Learn index investing to a self-managed portfolio in two months
Two months of evening reading and one Saturday afternoon at a brokerage — about 25 hours total — gets a beginner from "I should probably start investing" to a three-fund portfolio they understand and won't panic-sell. The math is trivial. The discipline is the whole game.
2 months · ~25 hours · three-fund portfolio with automatic monthly contributions
1.The Little Book of Common Sense Investing — Jack Bogle
Read this before anything else. Bogle invented the index fund and ran Vanguard for thirty-five years; this short book is his pitch in 250 pages. The argument is simple: nobody beats the market consistently, costs compound brutally, so own the whole market through one cheap fund and stop touching it. Read it once, then keep it on the shelf for the next time a stock tip seems exciting.
~$18 hardcover
The Little Book of Common Sense Investing →2.The Bogleheads' Guide to Investing
The practical companion to Bogle's philosophy. Larimore, Lindauer and LeBoeuf walk through asset allocation, account types, tax-efficient placement, and how to actually structure a portfolio across 401(k), IRA and taxable accounts. Where Bogle gives you the religion, this book gives you the spreadsheet. Read chapters one through eleven; skim the rest as reference.
~$22 paperback
Bogleheads' Guide to Investing →3.bogleheads.org wiki — open the account, buy the funds
Open a Roth IRA and a taxable brokerage at Vanguard, Fidelity, or Schwab — they're functionally interchangeable and all charge zero commissions. Use the wiki's "Three-fund portfolio" page to pick the actual tickers (a US total-market, an international, a bond fund) at whichever brokerage you chose. Set automatic monthly contributions. Then leave it alone — that's the entire skill.

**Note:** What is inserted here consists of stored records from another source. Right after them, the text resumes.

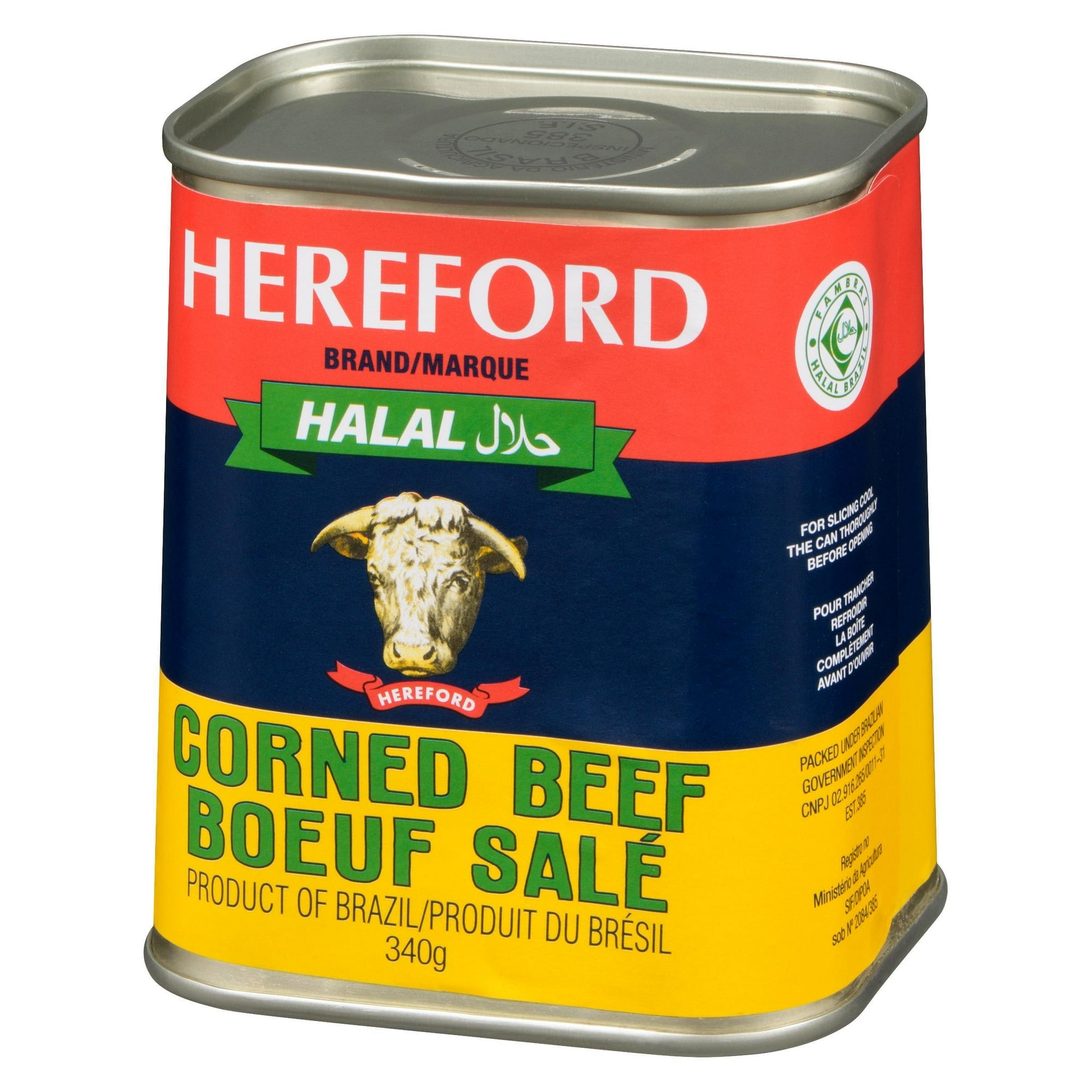 Hereford Corned Beef HALAL, 340g.  HALAL certified.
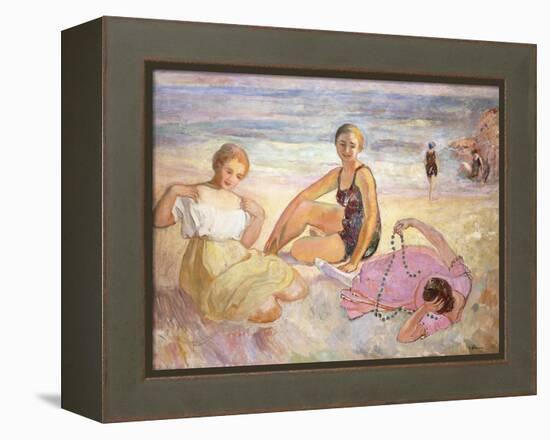 Three Women on the Beach; Trois Femmes a La Plage-Henri Lebasque-Framed Premier Image Canvas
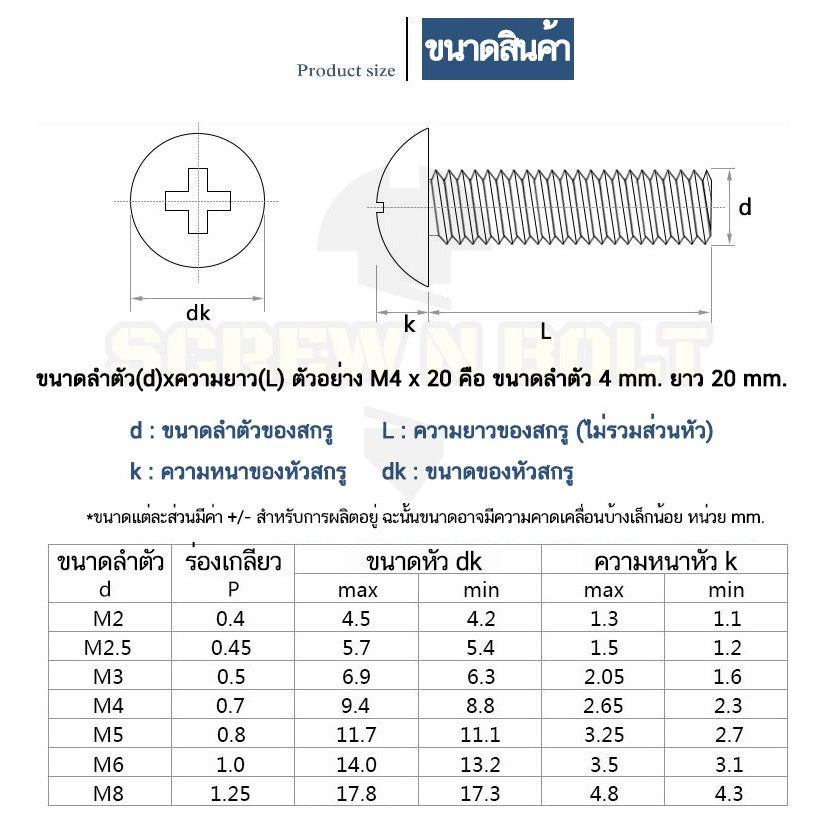 น็อต สกรู หัวร่ม หัวกระทะ แฉก T+ สแตนเลส 304 เกลียวมิล หยาบ M5 / Truss Head Phillip Machine Screw SUS304 M5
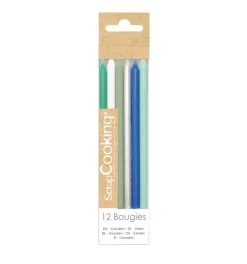 12 bougies longues bleu et argent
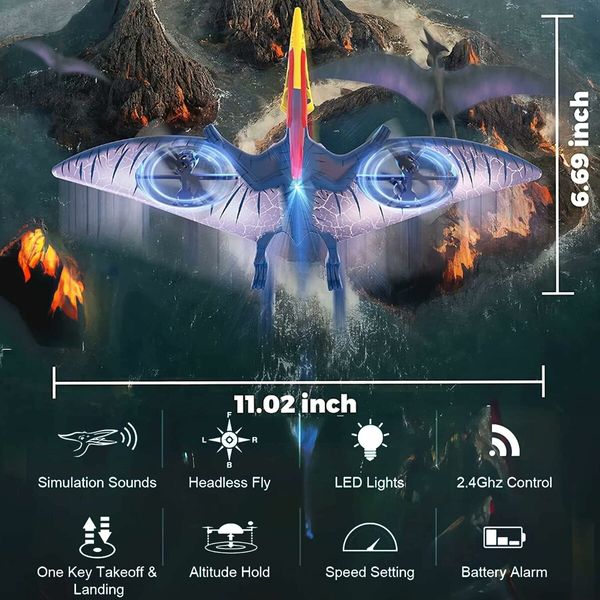 Pterosaur Flying Remote Control Toy for Kids, Headless Mode, LED Light, Perfect Birthday Christmas Gift, One Key Start, Speed Adjustment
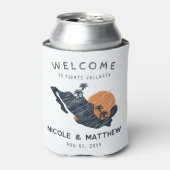 Puerto Vallarta Mexiko Marineplan Hochzeit Willkom Dosenkühler (Kanne Vorderseite)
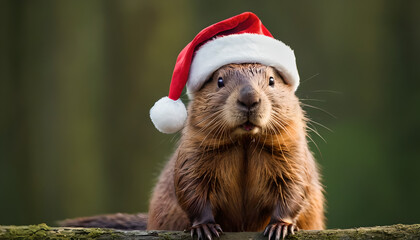 beaver wearing a santa hat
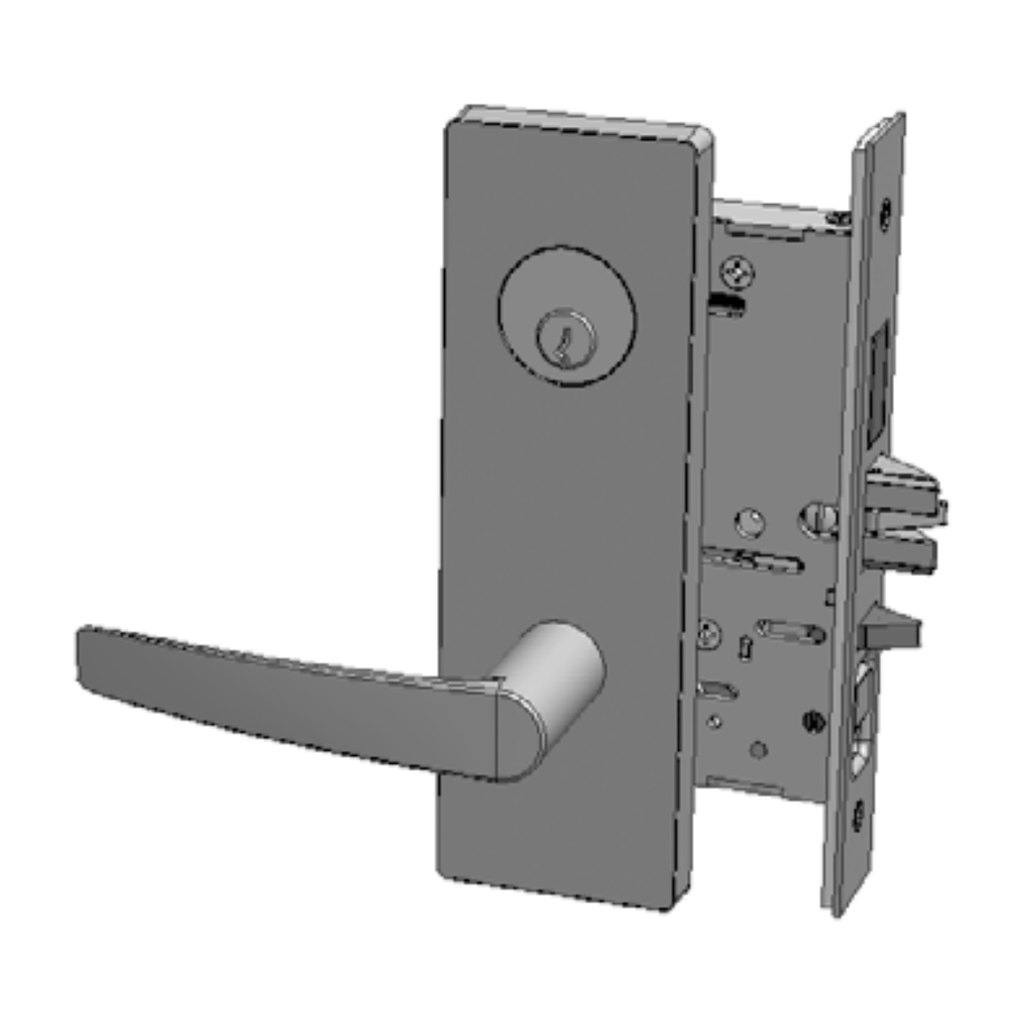PDQ MR181 MJEW Wide Escutcheon Mortise Lockset -- Office Function, Grade 1, US32D Satin Stainless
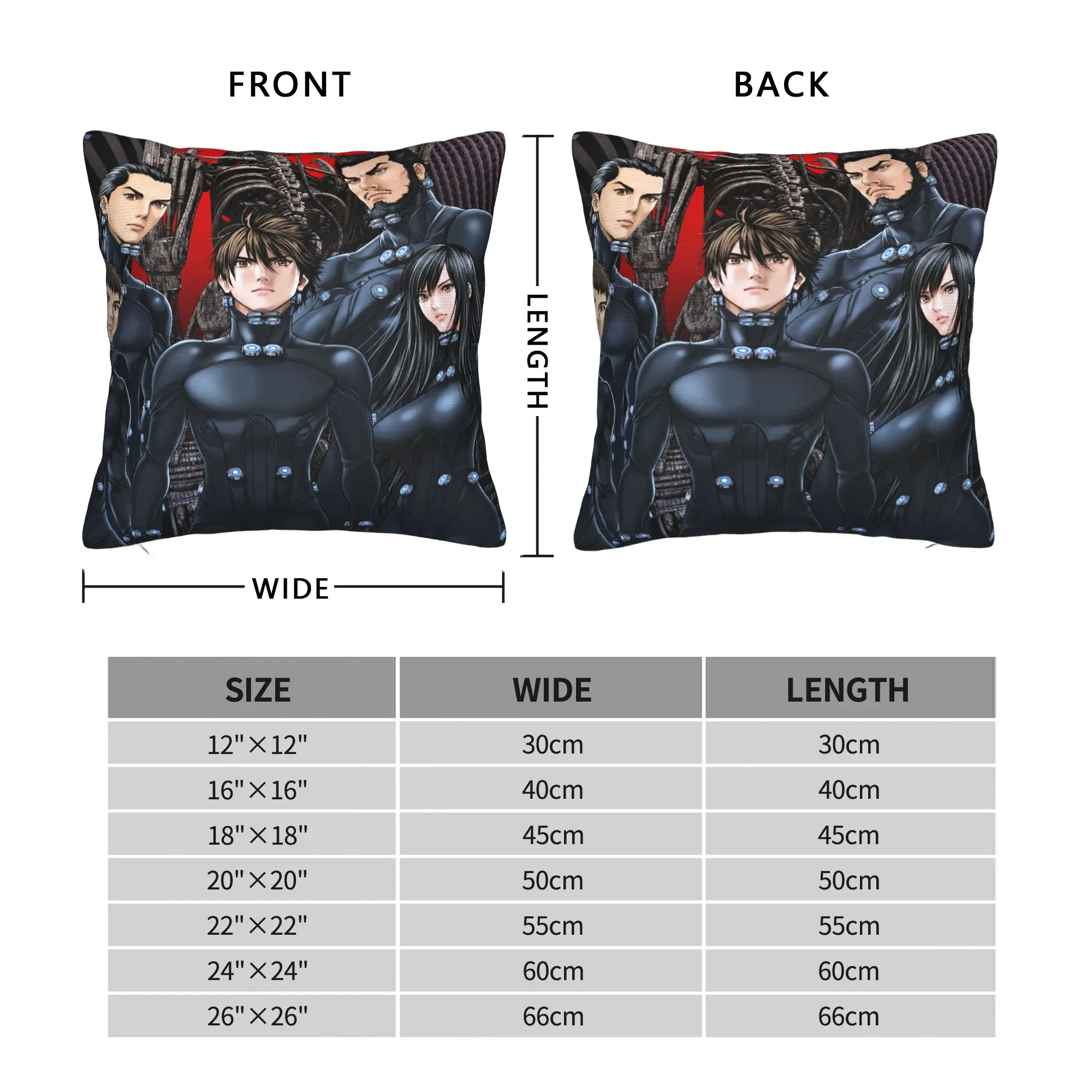 Pillow Case Japanese Anime Gantz Soft  Pillow Cover For Sofa Bedroom Home Decor Vintage Pillowcases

Free; expense ratios ~0.03–0.10% on the funds themselves
Three-fund portfolio wiki →If this doesn't fit you
If you genuinely will not remember to rebalance once a year, replace step three with a single target-date retirement fund matched roughly to the year you turn 65. It's a hair more expensive (around 0.08% vs 0.04%) and slightly less tax-efficient in a taxable account, but it auto-rebalances forever and removes the only manual decision the three-fund approach requires. For 95% of investors this is fine.
Why this path
Index investing is the rare field where the right answer has been known for fifty years and nobody disputes it among the people actually managing money. Bogle's book is the conviction; the Bogleheads book and wiki are the implementation. Skip stock-picking, options, crypto allocations, and anyone selling courses on "active strategies" — the data is unambiguous and the cost of being wrong is decades of compounding. The only way to fail this path is to keep tinkering.